▶ [PROMPT]: Leaving out all pictures, write down exactly the lines from the one containing "tatacliq.com Louis Philippe" through the last line of the material.

=== Section Start ===

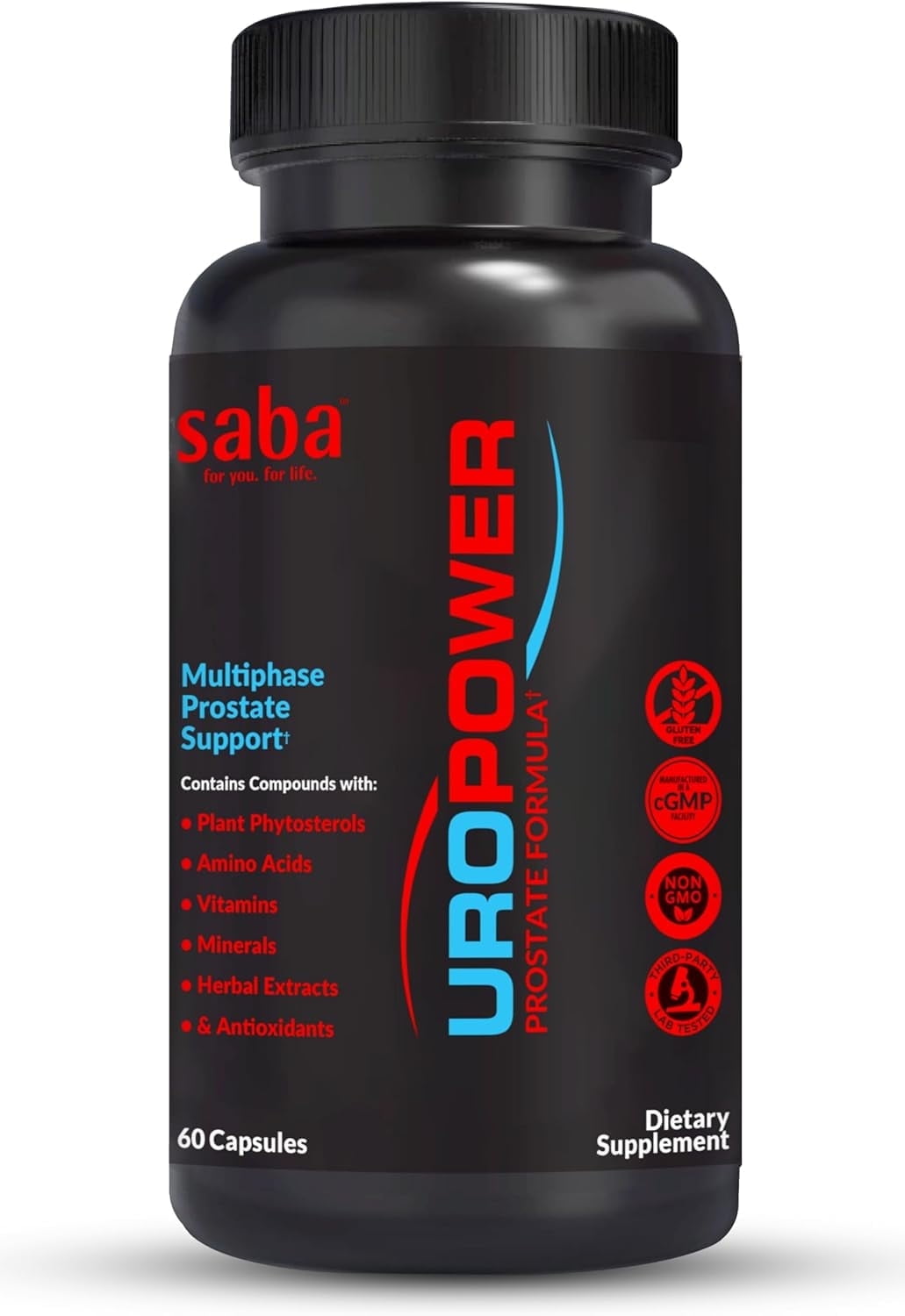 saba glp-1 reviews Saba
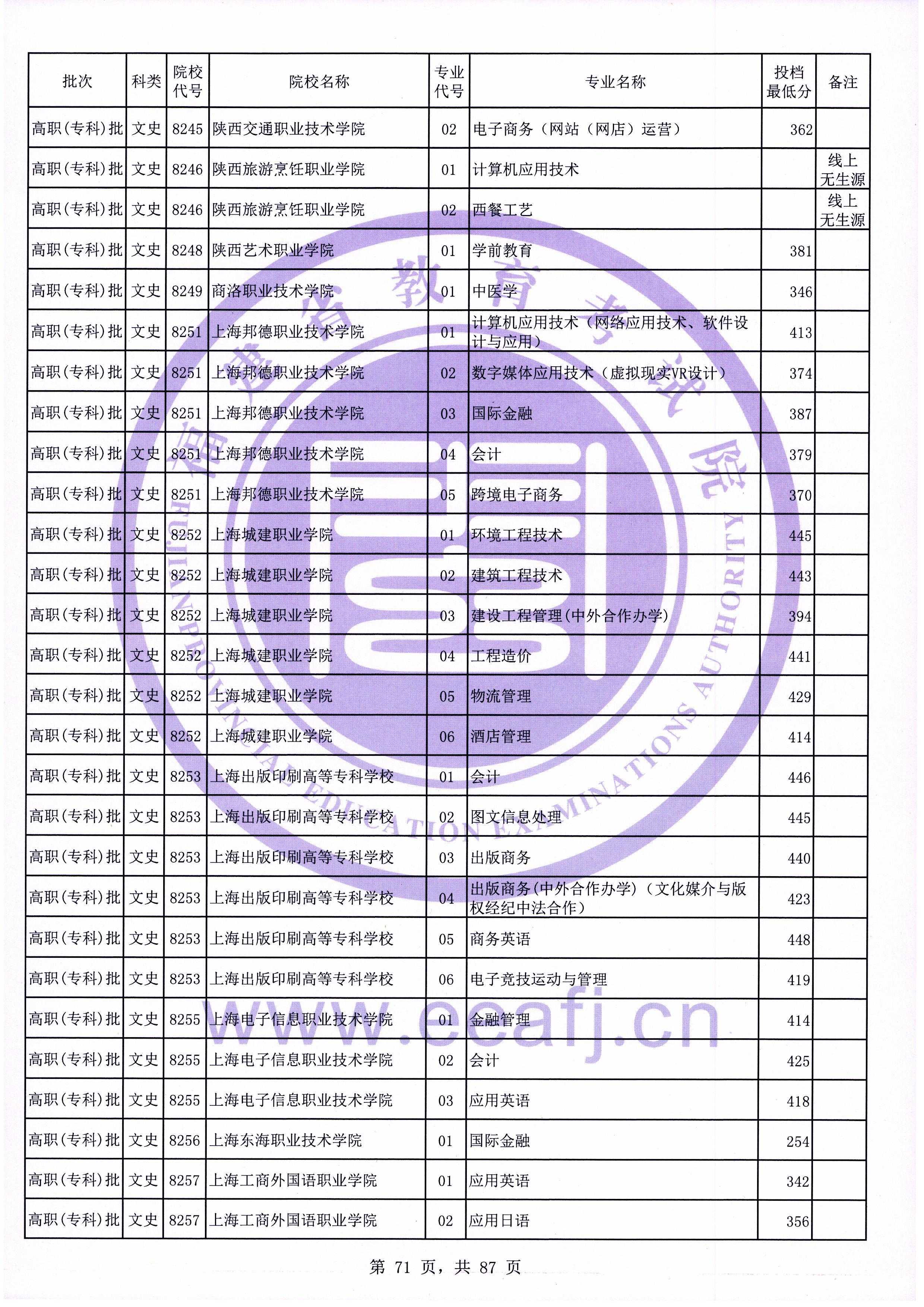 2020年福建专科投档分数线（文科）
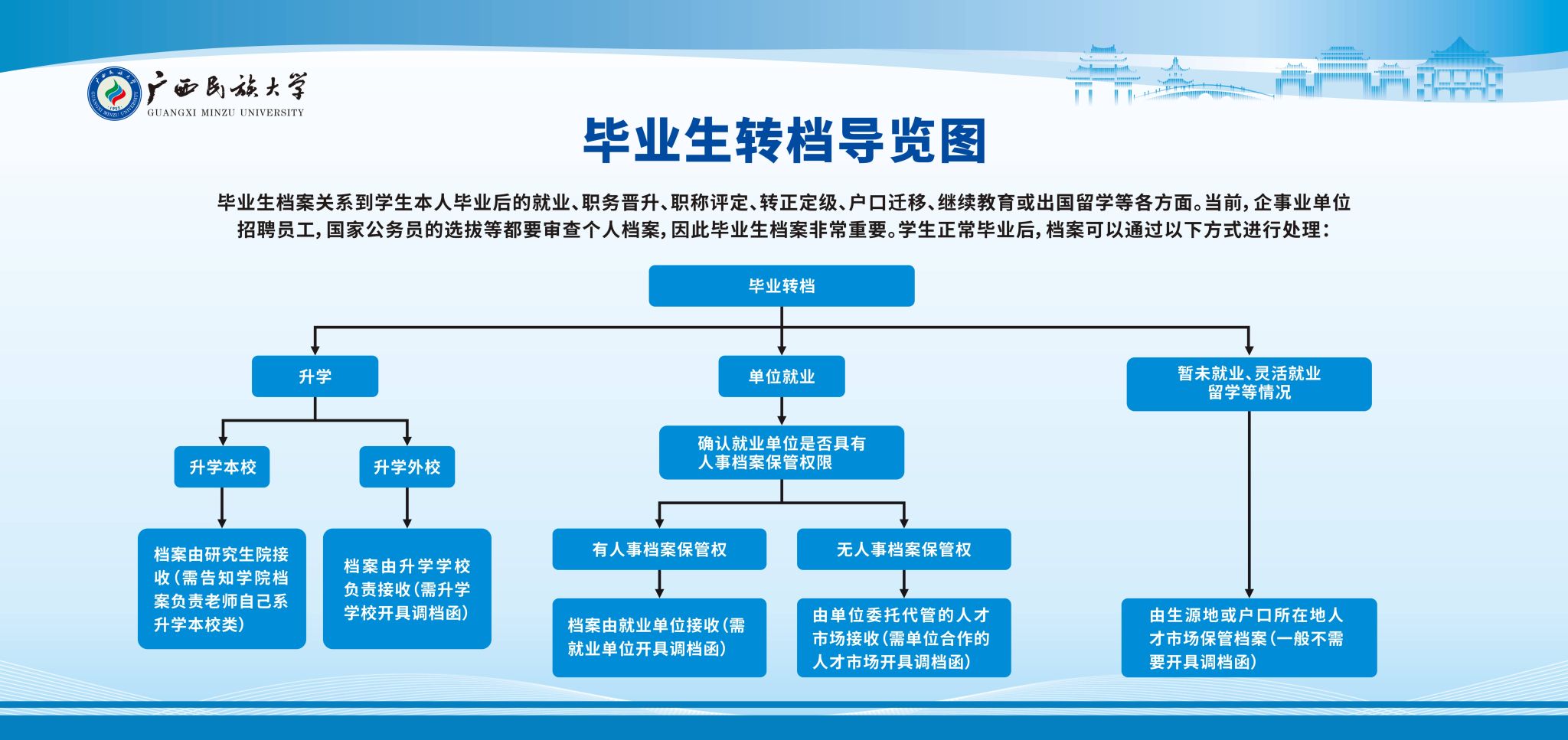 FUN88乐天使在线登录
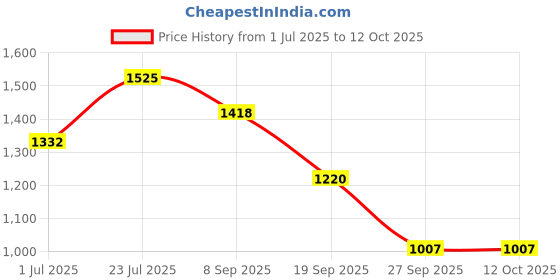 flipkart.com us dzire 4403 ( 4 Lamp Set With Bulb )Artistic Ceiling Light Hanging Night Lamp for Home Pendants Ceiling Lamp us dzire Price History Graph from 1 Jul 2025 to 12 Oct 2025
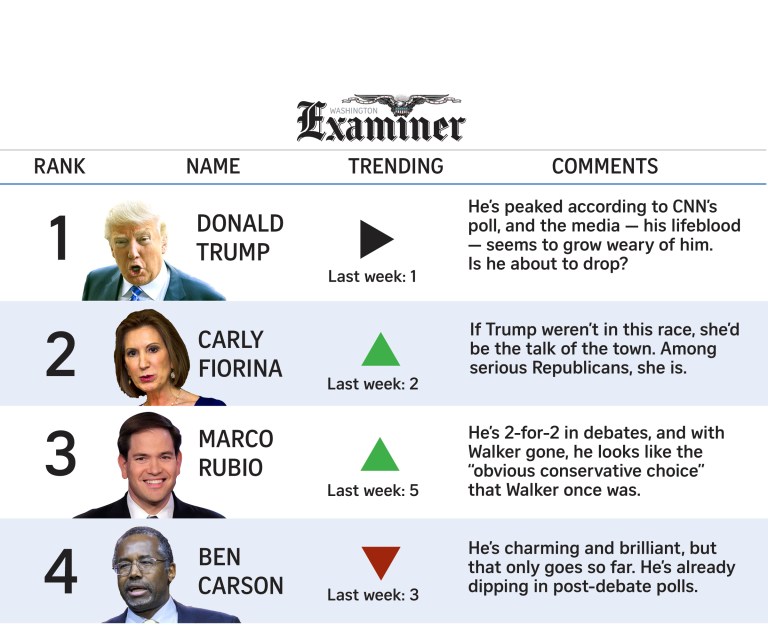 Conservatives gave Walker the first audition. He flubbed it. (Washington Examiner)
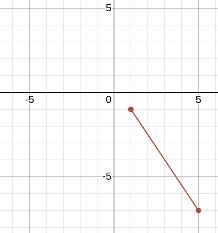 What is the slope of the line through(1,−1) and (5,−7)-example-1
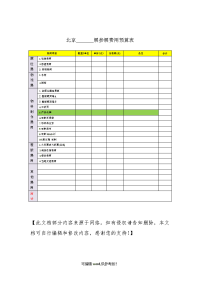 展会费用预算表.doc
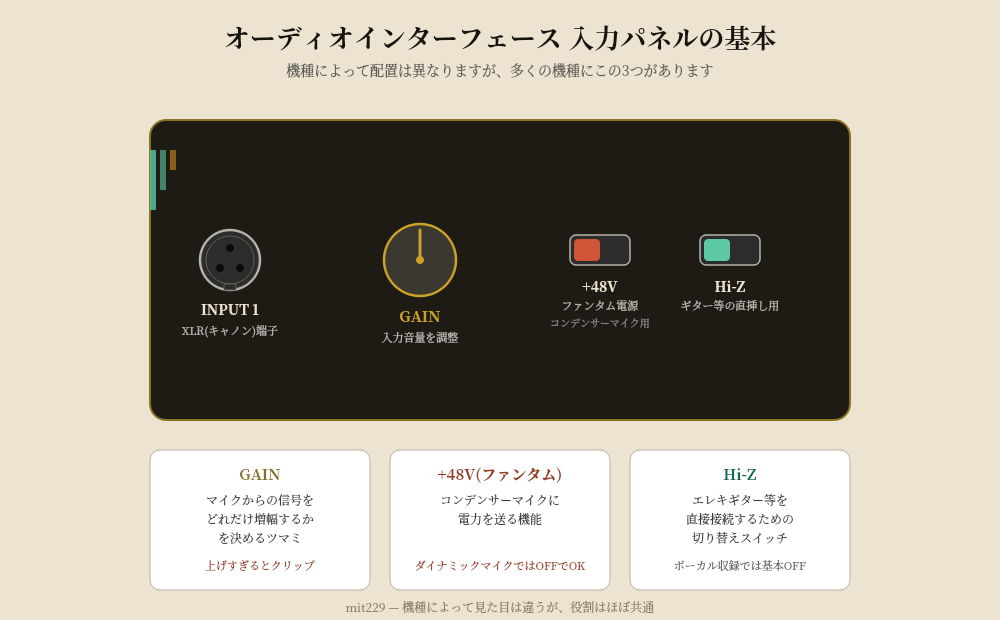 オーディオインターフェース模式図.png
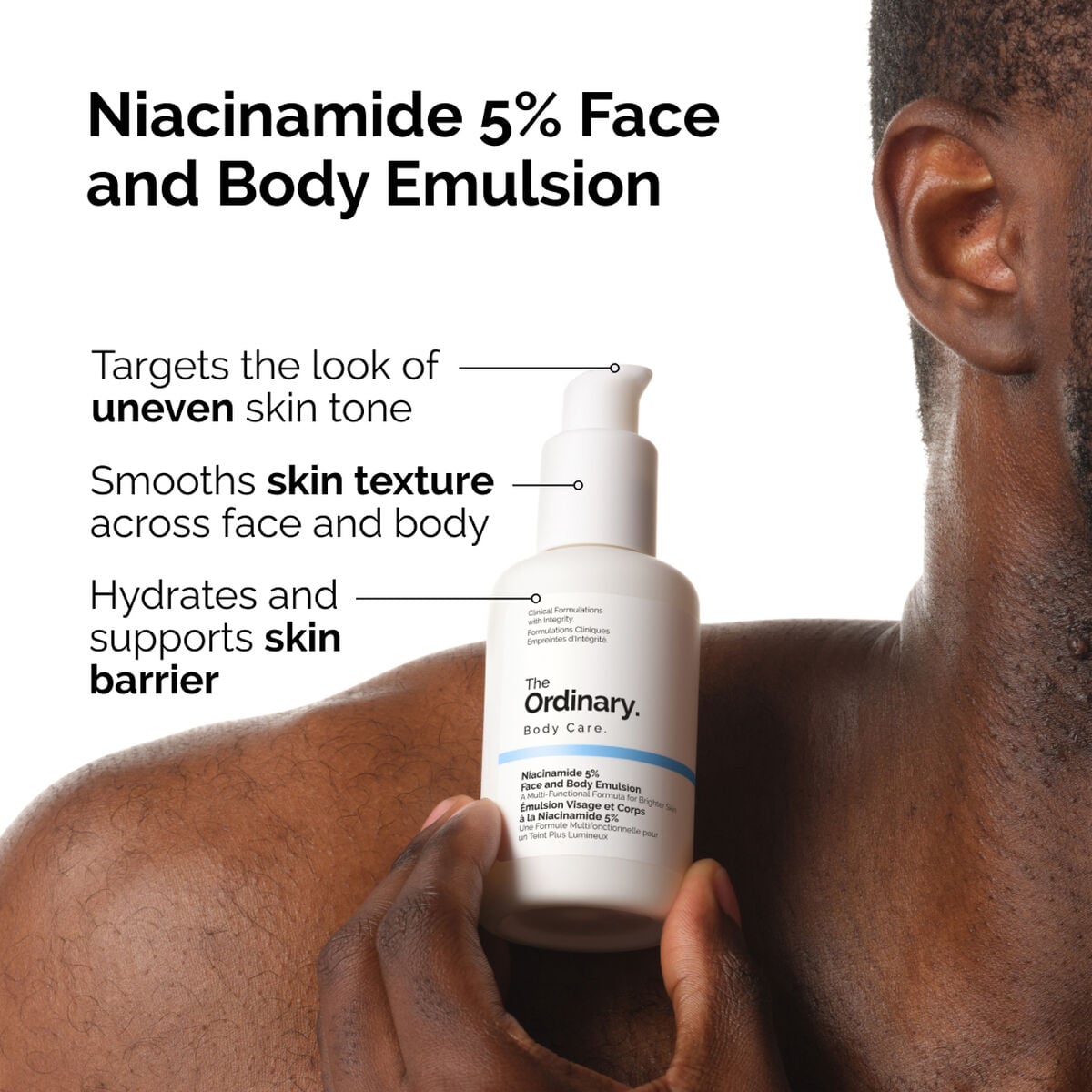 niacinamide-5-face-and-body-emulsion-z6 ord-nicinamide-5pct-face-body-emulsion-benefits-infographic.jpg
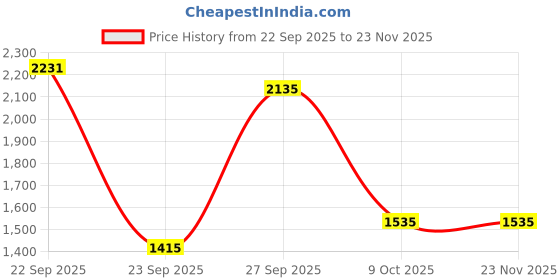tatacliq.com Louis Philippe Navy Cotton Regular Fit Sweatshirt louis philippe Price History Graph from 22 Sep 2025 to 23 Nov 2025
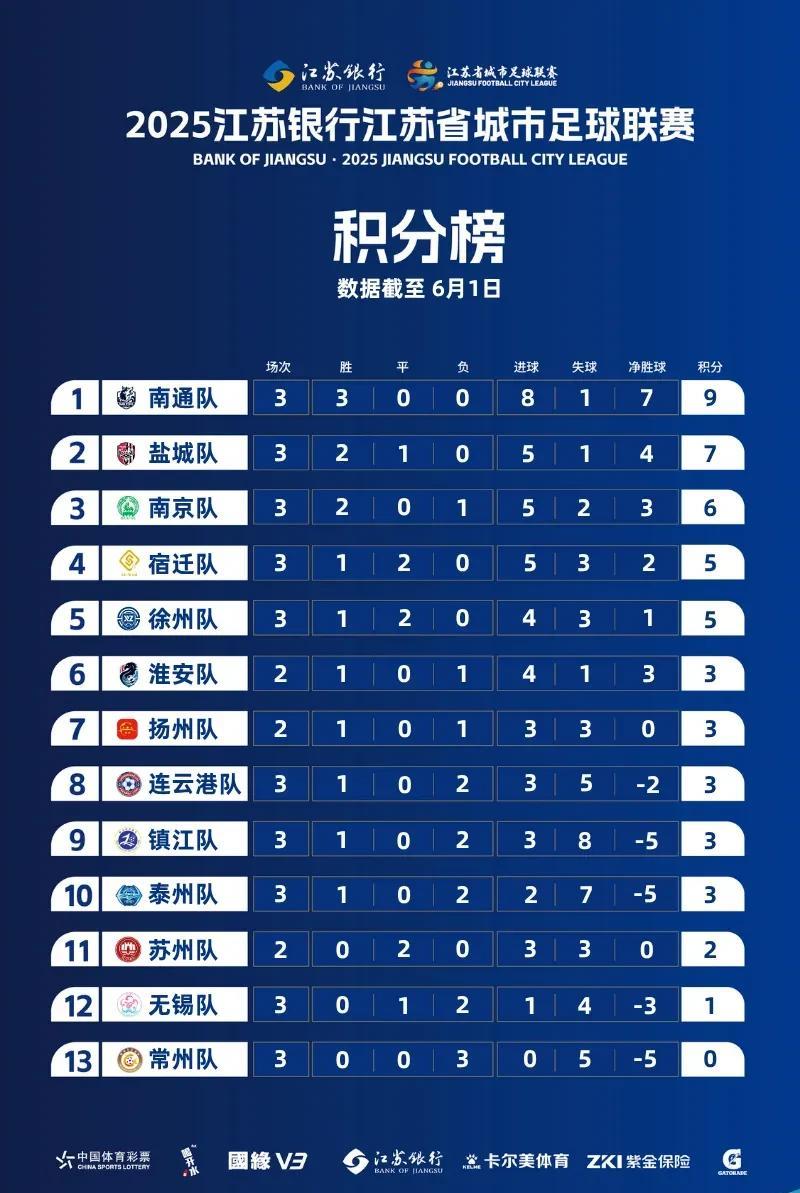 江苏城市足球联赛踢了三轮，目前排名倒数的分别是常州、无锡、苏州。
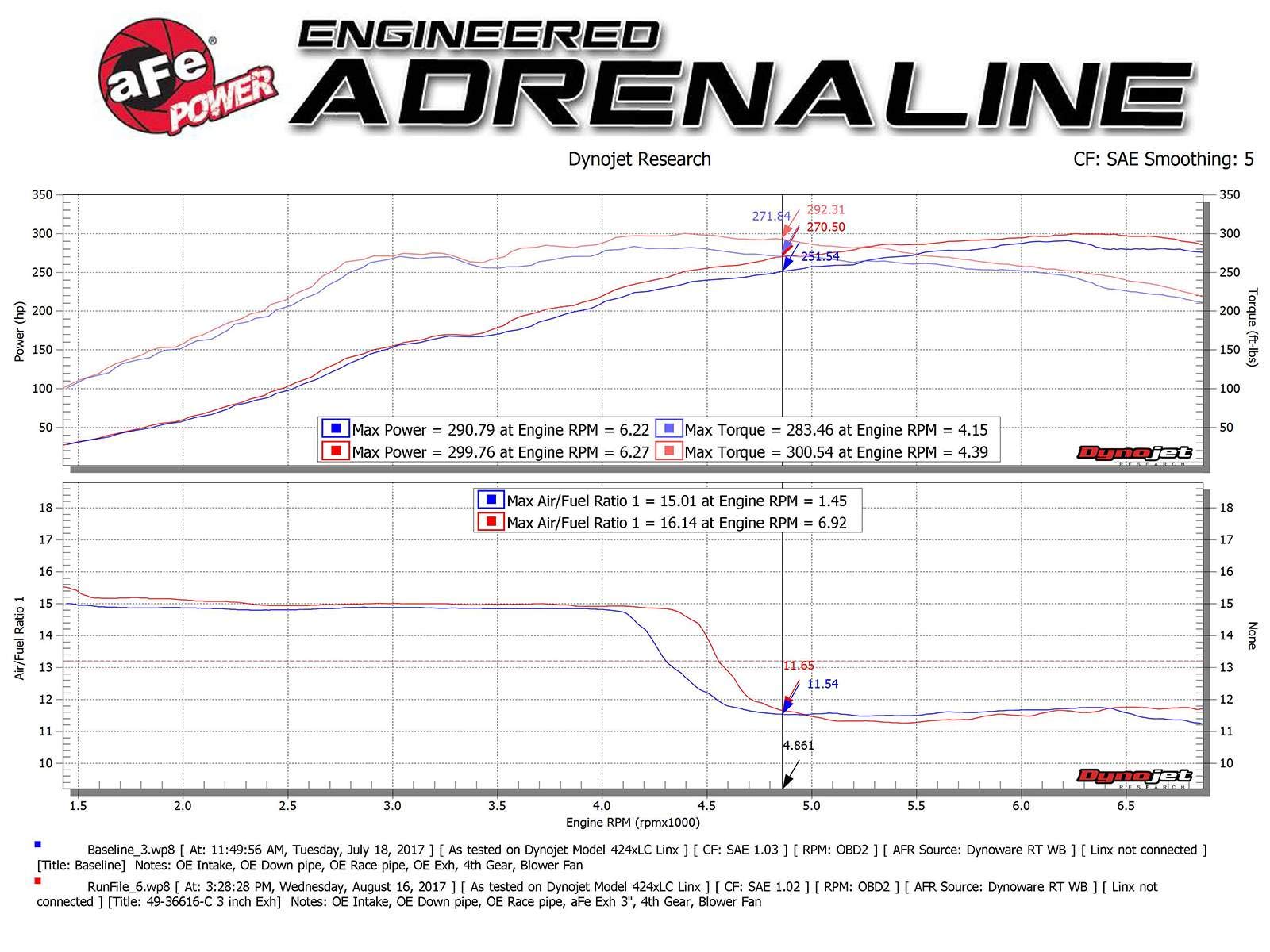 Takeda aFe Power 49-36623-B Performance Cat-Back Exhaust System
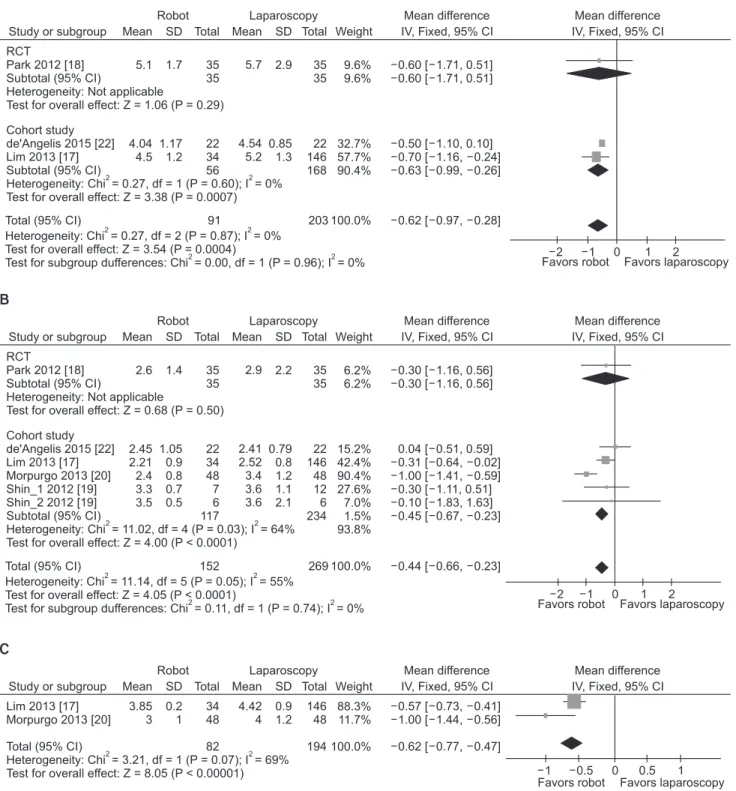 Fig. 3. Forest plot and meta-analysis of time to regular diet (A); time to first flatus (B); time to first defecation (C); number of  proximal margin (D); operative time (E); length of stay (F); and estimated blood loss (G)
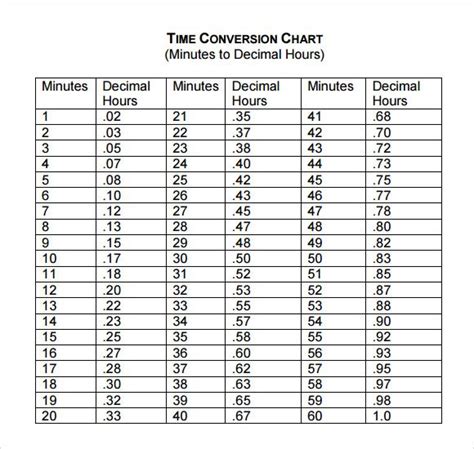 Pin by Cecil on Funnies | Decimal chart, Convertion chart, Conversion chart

=== Section End ===

▶ [TASK SOLUTION]:
tatacliq.com Louis Philippe Navy Cotton Regular Fit Sweatshirt louis philippe Price History Graph from 22 Sep 2025 to 23 Nov 2025
 江苏城市足球联赛踢了三轮，目前排名倒数的分别是常州、无锡、苏州。
 Takeda aFe Power 49-36623-B Performance Cat-Back Exhaust System
 Fig. 3. Forest plot and meta-analysis of time to regular diet (A); time to first flatus (B); time to first defecation (C); number of  proximal margin (D); operative time (E); length of stay (F); and estimated blood loss (G)
 Pin by Cecil on Funnies | Decimal chart, Convertion chart, Conversion chart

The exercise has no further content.